Ninety-seven percent of federal criminal prosecutions are resolved by plea bargain. In state courts the numbers are comparable. The plea bargain may be the grease that keeps the criminal justice system churning, but it may also be a sign of a system in need of repair.
In “Why Innocent People Plead Guilty” Jed S. Rakoff (United States District Judge for the Southern District of New York), notes that drifting away from jury trials leads to, among other problems, prosecutorial abuse:
To the Founding Fathers, the critical element in the system was the jury trial, which served not only as a truth-seeking mechanism and a means of achieving fairness, but also as a shield against tyranny. As Thomas Jefferson famously said, “I consider [trial by jury] as the only anchor ever yet imagined by man, by which a government can be held to the principles of its constitution.”
The Sixth Amendment guarantees that “in all criminal prosecutions, the accused shall enjoy the right to a speedy and public trial, by an impartial jury.” The Constitution further guarantees that at the trial, the accused will have the assistance of counsel, who can confront and cross-examine his accusers and present evidence on the accused’s behalf. He may be convicted only if an impartial jury of his peers is unanimously of the view that he is guilty beyond a reasonable doubt and so states, publicly, in its verdict.
The author explains the history of plea bargains after World War I, and the end of nearly all jury trials caused by “get tough on crime” sentencing guidelines and mandatory minimum sentences:
One thing that did become quickly apparent, however, was that these guidelines, along with mandatory minimums, were causing the virtual extinction of jury trials in federal criminal cases. Thus, whereas in 1980, 19 percent of all federal defendants went to trial, by 2000 the number had decreased to less than 6 percent and by 2010 to less than 3 percent, where it has remained ever since.
The reason for this is that the guidelines, like the mandatory minimums, provide prosecutors with weapons to bludgeon defendants into effectively coerced plea bargains. In the majority of criminal cases, a defense lawyer only meets her client when or shortly after the client is arrested, so that, at the outset, she is at a considerable informational disadvantage to the prosecutor. If, as is very often the case (despite the constitutional prohibition of “excessive bail”), bail is set so high that the client is detained, the defense lawyer has only modest opportunities, within the limited visiting hours and other arduous restrictions imposed by most jails, to interview her client and find out his version of the facts. [Source as above.]
(Also of interest, the author’s May 2015 article: “Mass Incarceration: The Silence of the Judges“)
Tim Lynch of the Cato Institute writes on “The Devil’s Bargain: How Plea Agreements, Never Contemplated by the Framers, Undermine Justice” here:
Most Americans are under the mistaken impression that when the government accuses someone of a crime, the case typically proceeds to trial, where a jury of laypeople hears arguments from the prosecution and the defense, then deliberates over the evidence before deciding on the defendant’s guilt or innocence.

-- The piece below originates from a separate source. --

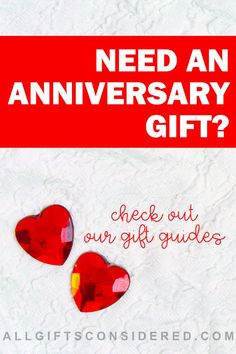 two red hearts with the words need an anniversary gift? check out our gift guides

This image of American justice is wildly off the mark. Criminal cases rarely go to trial, because about 95 percent are resolved by plea bargains. In a plea bargain, the prosecutor usually offers a reduced prison sentence if the defendant agrees to waive his right to a jury trial and admit guilt in a summary proceeding before a judge.
This standard operating procedure was not contemplated by the Framers. …
Why was September 5 selected to be Jury Rights Day? Because today was the day of a historic case involving William Penn, the man who founded Pennsylvania. Let’s remember that many people came to America to escape religious persecution in Europe. Penn was a Quaker when the Quaker religion was illegal in England. He was arrested after preaching to a group of Quakers–and that was no misdemeanor. In 1670, Penn was facing the death penalty for unlawful assembly, disturbing the peace, and riot.
It was an extraordinary trial. Penn and his co-defendant, William Mead, were gagged during the trial for making arguments that displeased the court. When the jury came back from deliberations and announced that they were divided–some for conviction, some for acquittal, the judges ridiculed those who voted to acquit and sent them back. When the jury remained deadlocked, the court ordered them to prison with no food till they could reach a unanimous verdict. After two days without food, the jury returned with a “not guilty” verdict. Outraged, the court fined the jurors and ordered their imprisonment until the fines were paid. A higher court overturned that punishment and said a jury must resolve cases based upon their own understanding, not because of threats of punishment from the state.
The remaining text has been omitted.